Texto de Jussara Oliveira para as Blogueiras Feministas.

Minha intenção nesse texto é falar sobre traumas, mas também sobre relações saudáveis. E, sobre as responsabilidades de todos envolvidos para que isso ocorra. Não é um puxão de orelha nos homens, nem um abraço apertado nas mulheres, é um convite para reflexão. Violência é um assunto dolorido e incômodo, mas precisamos encará-la se temos a intenção de realmente aprender algo com as experiências, sejam nossas ou de outras pessoas.

Ontem, o texto “Como foi transar com uma vítima de estupro” viralizou.
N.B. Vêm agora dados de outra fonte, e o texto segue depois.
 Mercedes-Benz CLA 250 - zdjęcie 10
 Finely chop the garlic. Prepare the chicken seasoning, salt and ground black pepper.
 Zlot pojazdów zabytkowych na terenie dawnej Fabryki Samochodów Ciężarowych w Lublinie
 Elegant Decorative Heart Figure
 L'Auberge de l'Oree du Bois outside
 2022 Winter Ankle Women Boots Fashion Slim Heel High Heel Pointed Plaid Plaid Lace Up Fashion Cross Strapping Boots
Vi vários compartilhamentos. De início, li errado o título e entendi “Como é” em vez de “Como foi” e fiquei preocupada se estava rolando algum texto com uma receitinha de bolo que ensinasse a lidar com vítimas de violência. Ainda bem. Afinal, não existe receita certa para lidar com estupro, até porque não existe uma forma só de estupro, assim como não existe uma forma só de trauma ou de como lidar com ele.
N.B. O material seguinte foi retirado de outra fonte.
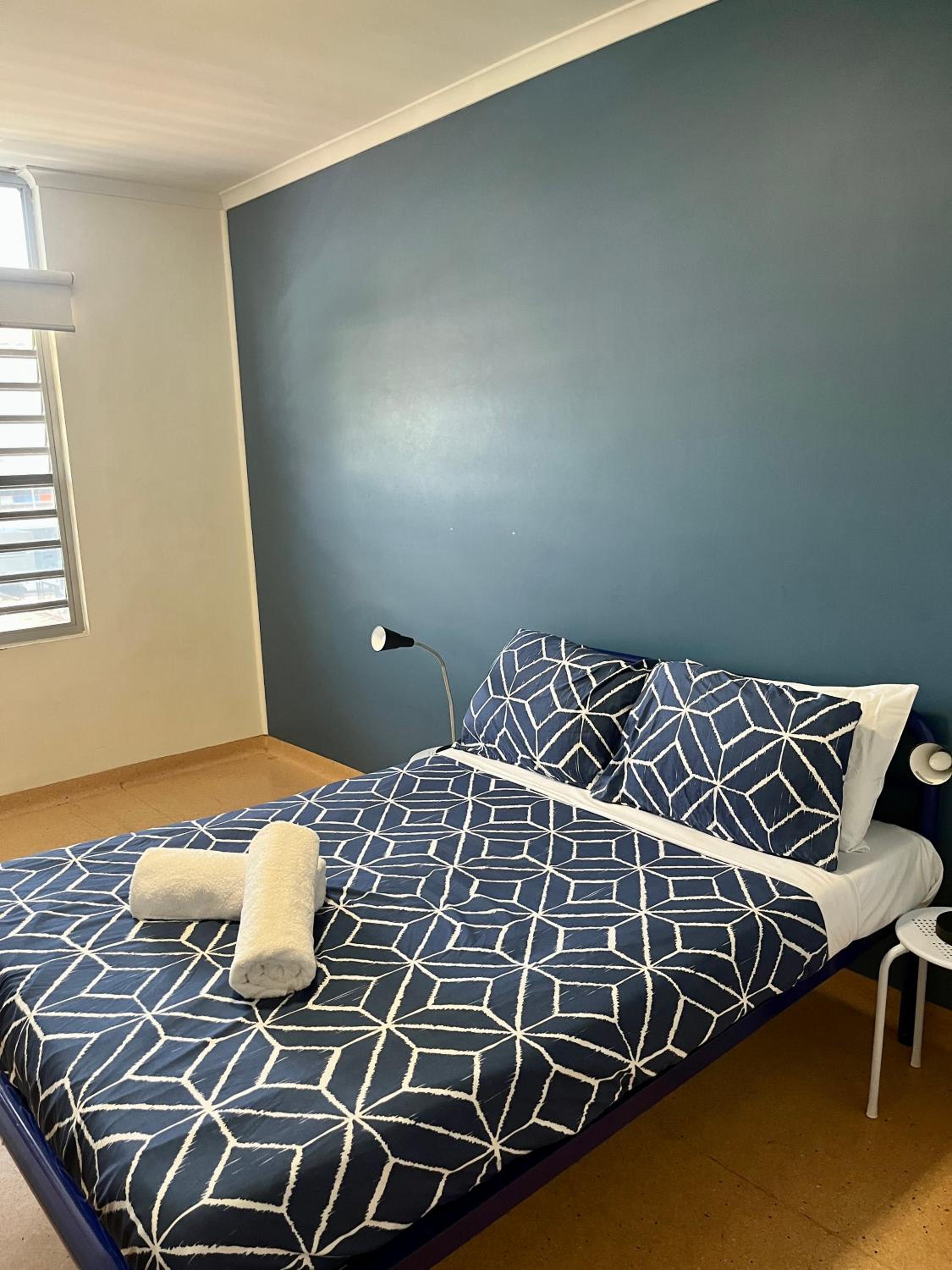 Double Room Shared Bathroom 18 to 40 Years Only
Terminei de ler o texto com algum incômodo, e não fiquei surpresa ao ver textos pipocando com críticas a essa viralização. Muito se falou sobre a romantização do relato, sobre a possibilidade da moça (musa inspiradora do texto em questão) não ter consentido a divulgação da sua história, sobre como a viralização desse tipo de texto em detrimento ao de tantos outros que falam da cultura de estupro seria um desserviço à causa feminista.

Porém, acho que precisamos encarar outro ponto: se várias mulheres compartilharam é porque, em algum momento, elas se identificaram com o texto ou no mínimo acharam importante visibilizá-lo. E, ainda que possamos questionar a romantização da narrativa, este pode ter sido um recurso importante ao tratar de um tema delicado como esse. Vamos combinar que presumir que a protagonista da história não gostou ou se sentiu desconfortável com o relato faz tanto sentido quanto presumir qualquer outra coisa sobre ela. E, ainda que alguém muito próximo dos dois possa sacar de quem se trata a pessoa, houve um esforço no texto de não deixar sua identidade evidente.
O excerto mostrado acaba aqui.